Systematic Review and Adjusted Indirect Comparison Meta-Analysis of Oral Anticoagulants in Atrial Fibrillation
ABSTRACT Background: Oral anticoagulants such as apixaban, dabigatran, and rivaroxaban are alternatives to warfarin for preventing events in patients with atrial fibrillation. Direct comparative studies between agents are unavailable.

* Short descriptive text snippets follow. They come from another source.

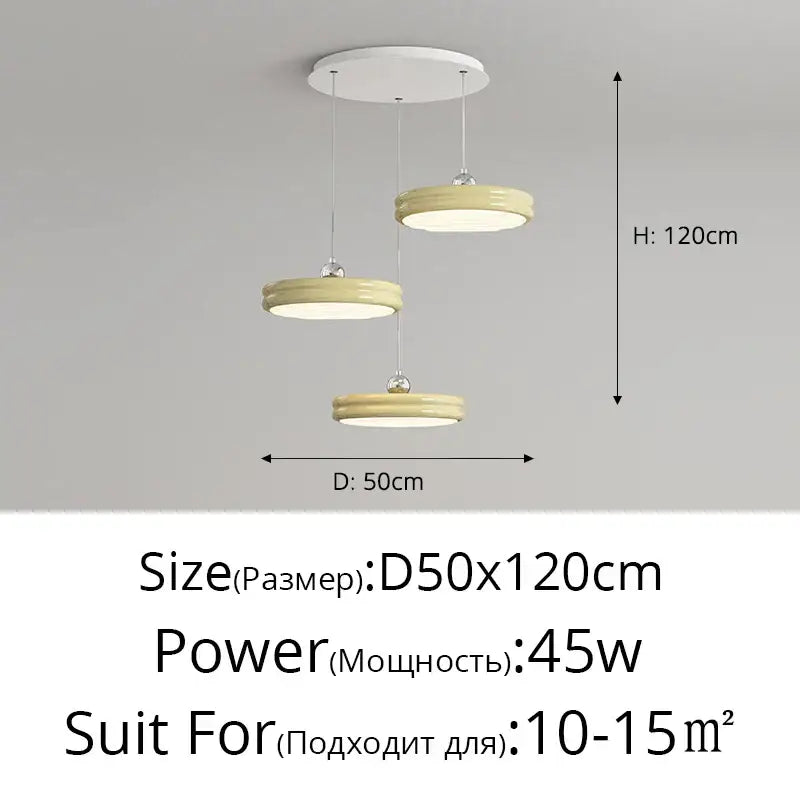 Modern glossy pale yellow circular dimmable pendant light dining room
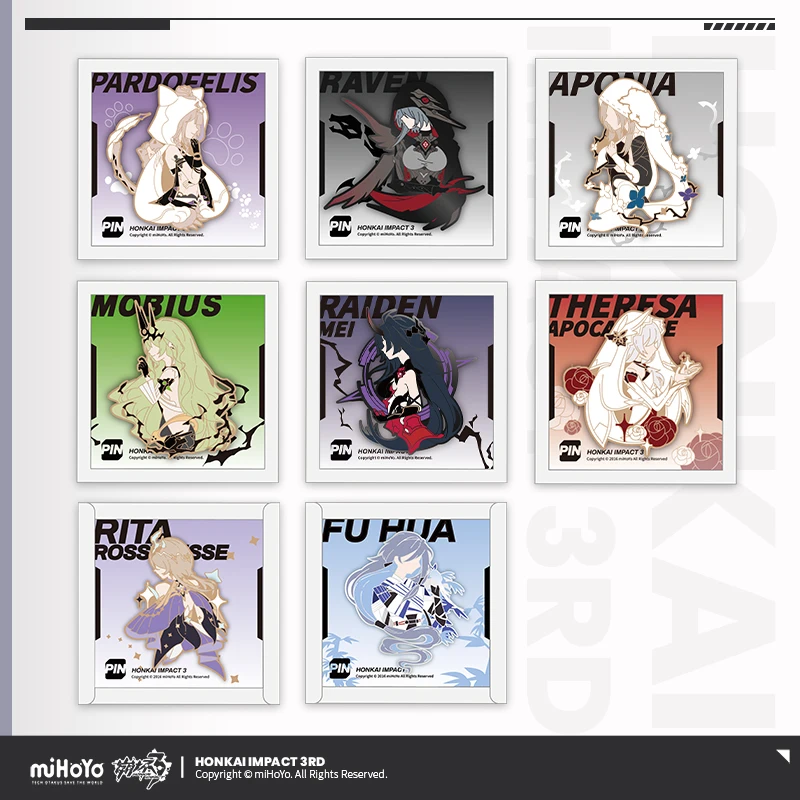 Honkai Impact 3rd Official Merch miHoYo Original Authentic Theme Metal Badge Elysia Bronya Kiana Seele Theresa Mobius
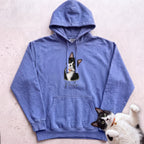 Personalized Cat Hoodie — Cat Custom Illustration Hoodie - Flo Blue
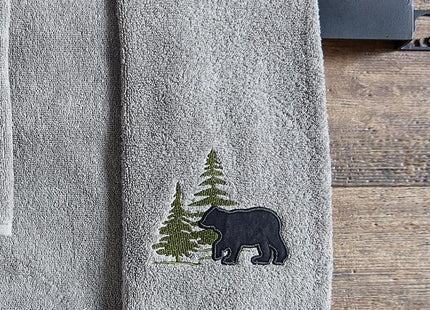 BLACK FOREST DECOR Bear & Pine Tree Hand Towel 16" Wx28 L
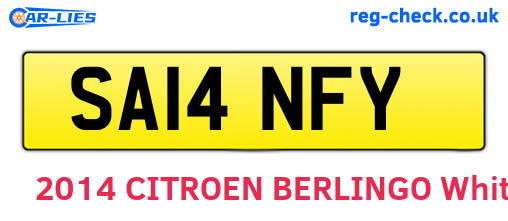 SA14NFY are the vehicle registration plates.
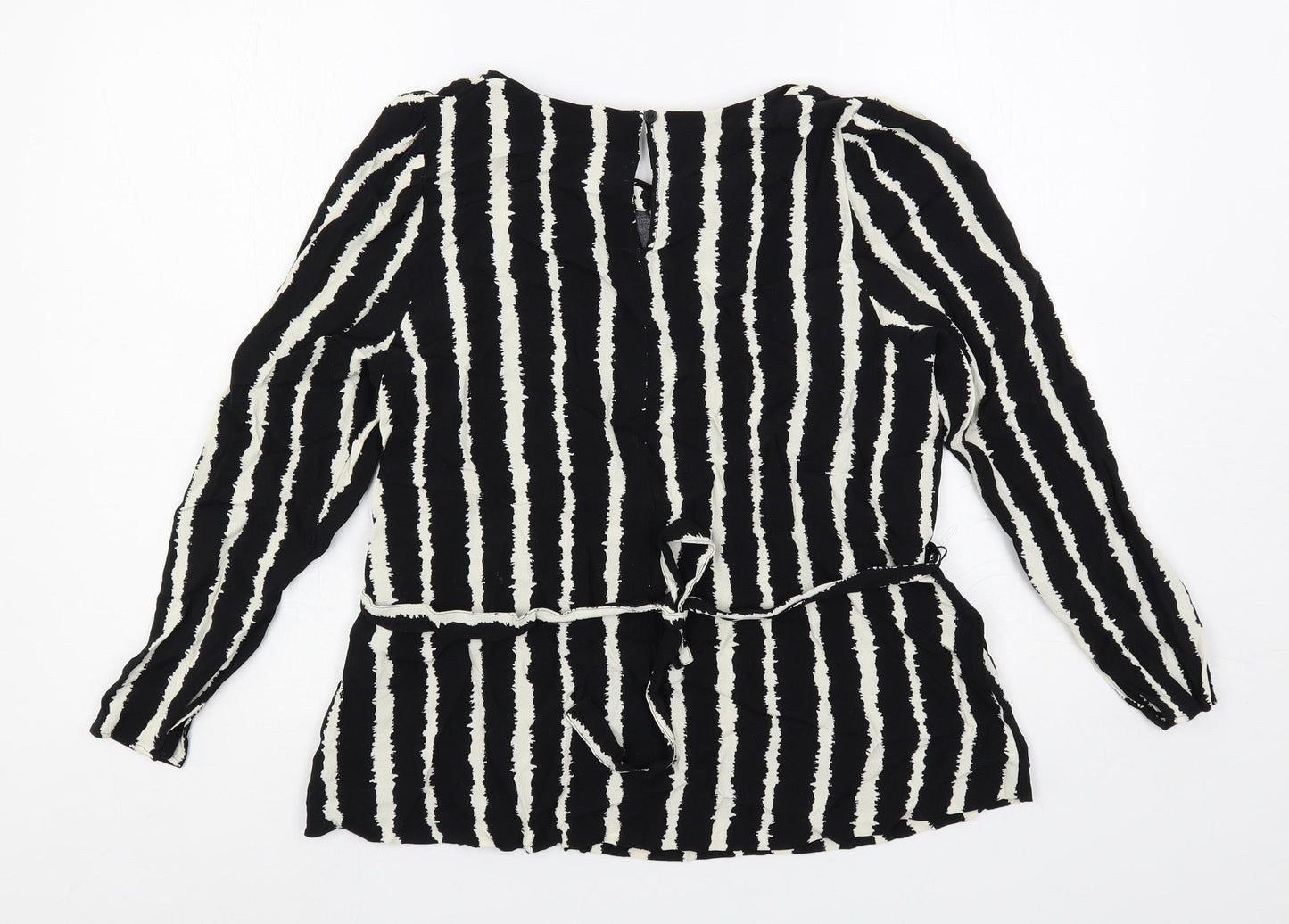 Marks and Spencer Womens Black Striped Viscose Basic Blouse Size 14 Round Neck - Belted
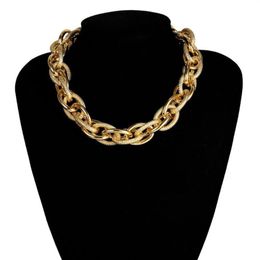 Gold Colour High Quality Punk Lock Choker Necklace Pendant Women Collar Statement Chunky Thick Chain Necklace Steampunk Men171y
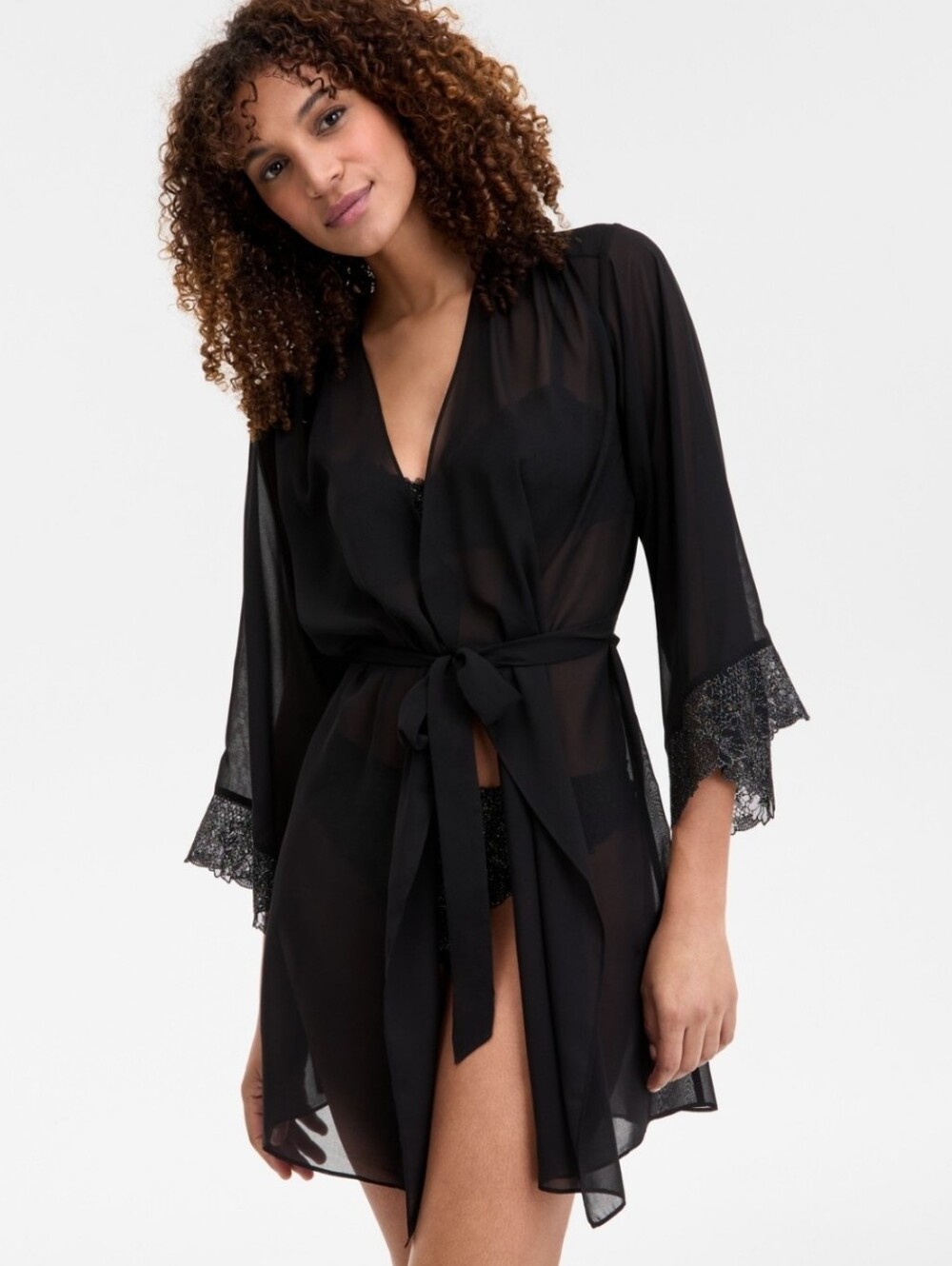 I.n.c. International Concepts Women's Lace-Trim Chiffon Wrap Robe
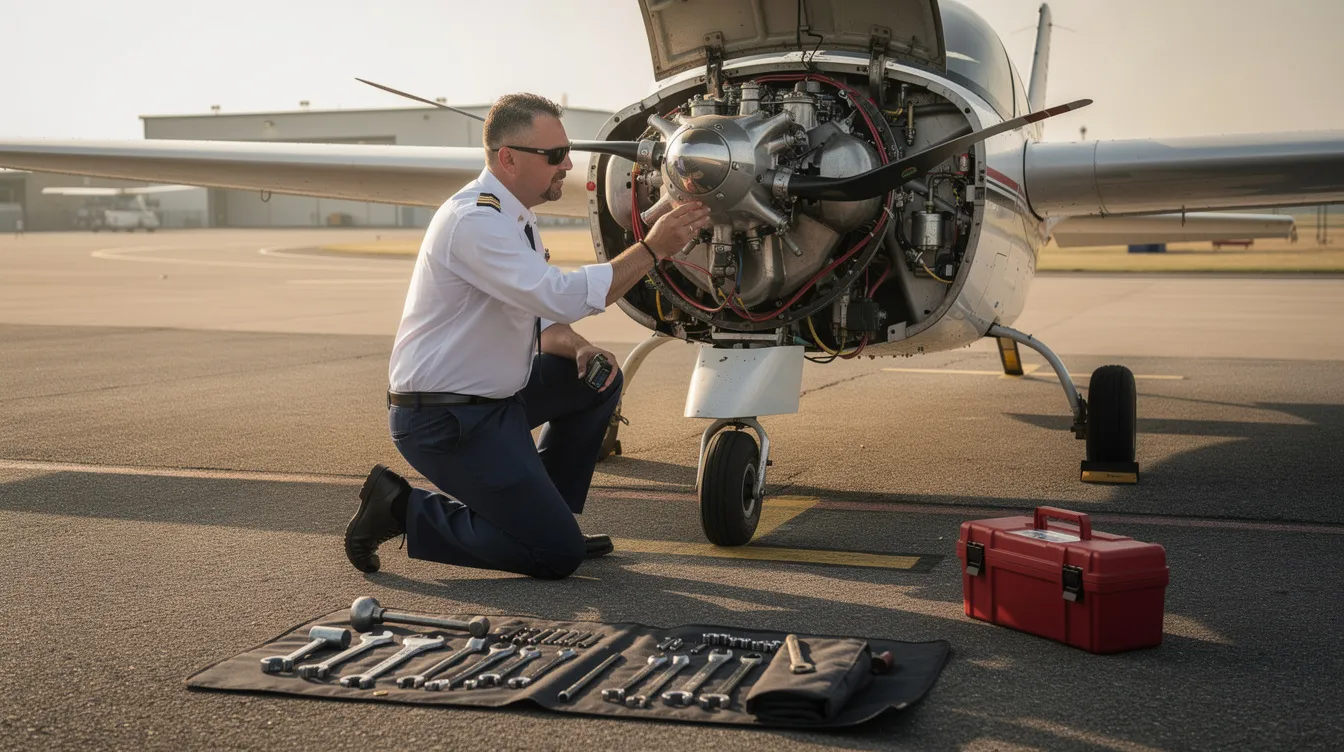 A pilot is carefully inspecting the engine of a small light sport aircraft on a paved ramp, with various tools laid out nearby, emphasizing the meticulous maintenance of the aircraft in excellent condition. This scene captures the dedication required for aircraft purchase and the attention to detail necessary for safe flying adventures.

Our objective was to conduct an adjusted indirect comparison meta-analysis between new oral agents in atrial fibrillation. Methods and Results: We searched MEDLINE and Cochrane Central through February 2012 for randomized, controlled trials in patients with atrial fibrillation evaluating apixaban, dabigatran, or rivaroxaban versus warfarin. For dabigatran, only data from the Food and Drug Administration-approved dose were included. Outcomes included the composite of stroke or systemic embolism, any stroke, and major bleeding among, others. Outcomes were initially pooled using standard random-effects methods, producing risk ratio and 95% confdence intervals. Adjusted indirect comparisons using these pooled estimates were then performed. A total of 44 733 patients from 4 studies were analyzed. Most analyses yielded no differences between agents. Dabigatran lowered risk of composite outcome (risk ratio, 0.75;95% confdence interval, 0.57-1.00), ischemic stroke (0.67;0.48-0.93), and hemorrhagic stroke (0.45;0.45-0.99) versus rivaroxaban. No differences in all strokes or mortality were seen. Apixaban lowered the risk of major bleeding (0.74;0.60-0.91) and gastrointestinal bleeding (0.58;0.41-0.82) versus dabigatran and major bleeding versus rivaroxaban (0.68;0.55-0.83), but increased systemic emboli versus rivaroxaban (3.86;1.17-12.75). Conclusions: Significant differences in efficacy and safety parameters may exist between oral anticoagulant agents in patients with atrial fibrillation. Apixaban lowers the risk of major and gastrointestinal bleeding versus dabigatran and rivaroxaban. Dabigatran lowers the composite of stroke or systemic emboli, and ischemic stroke versus rivaroxaban. Head-to-head clinical trials are required to confrm these findings.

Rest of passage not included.